Posted on 04/01/2002 5:04:03 PM PST by SamAdams76

The hodgepodge of old brick buildings on the east side of Winston-Salem, North Carolina doesn't look like the source of half a century of magic. Tucked away on Ivy Avenue, the buildings look like what they are: old factory spaces in a declining neighborhood, where people still make an old product in an old way.

And yet, when Jennifer Tilly showed up at this year's Kentucky Derby with some of Ivy Avenue's best, it made news. When Lauren Bacall slipped into the Upper West Side boutique that sells Ivy Avenue's product, the New York tabloids took note. Last January, when the first store carrying Ivy Avenue's output opened in Los Angeles, people drove from more than 50 miles away to stand in line. And in an interview that was part of the flirt-and-flash publicity for her film Eyes Wide Shut, Nicole Kidman confessed that while Tom is wonderful, what really makes her weak in the knees comes from Ivy Avenue: doughnuts.

Krispy Kreme doughnuts.

Hot Krispy Kreme doughnuts.

The glaze so delicate that it melts under your fingers as you pick up a Krispy Kreme. The doughnuts so airy that lifting one without denting it is impossible. The mood in a Krispy Kreme store so evocative, you can't enter without smiling.

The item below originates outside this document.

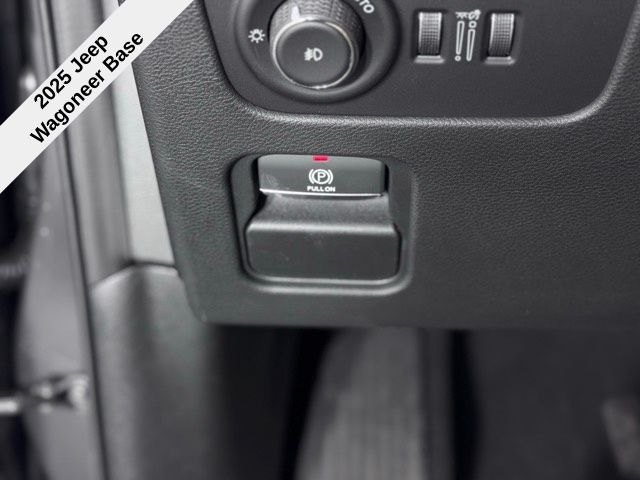 2025 Toyota RAV4 LE photo 28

All 150 Krispy Kreme stores make their doughnuts out in the open, where you can watch. An orderly parade of doughnuts floats through the fryer, flipping over automatically halfway through the cooking process. Then a conveyor whisks the doughnuts out of the hot shortening and into a glistening cascade of glaze.

These are not donuts. They're doughnuts.

But what goes on at the store level is part of the mystery and the sleight of hand of Krispy Kreme -- because, although it takes months to learn to make a Krispy Kreme doughnut, what happens in each store is only the finale of a carefully choreographed process that is completely controlled from within those brick buildings on Ivy Avenue.

The Temple of Doughnuts

Americans treat themselves to Krispy Kreme doughnuts at a fantastic pace: 11,000 dozen doughnuts are sold every hour -- more than 3 million melt-in-your-mouth Krispy Kremes a day. Every one of those doughnuts traces its origins to the same place. The doughnuts may be kneaded, fried, and filled in a store in Charleston, West Virginia, or Omaha, Nebraska, or Dothan, Alabama, but every container of doughnut mix, icing, and raspberry filling comes by truck from Ivy Avenue. Even the stainless-steel equipment used to turn the ingredients into doughnuts comes from Ivy Avenue: The fryers, the conveyors, the proofing boxes are all handcrafted in the facility's metal shop.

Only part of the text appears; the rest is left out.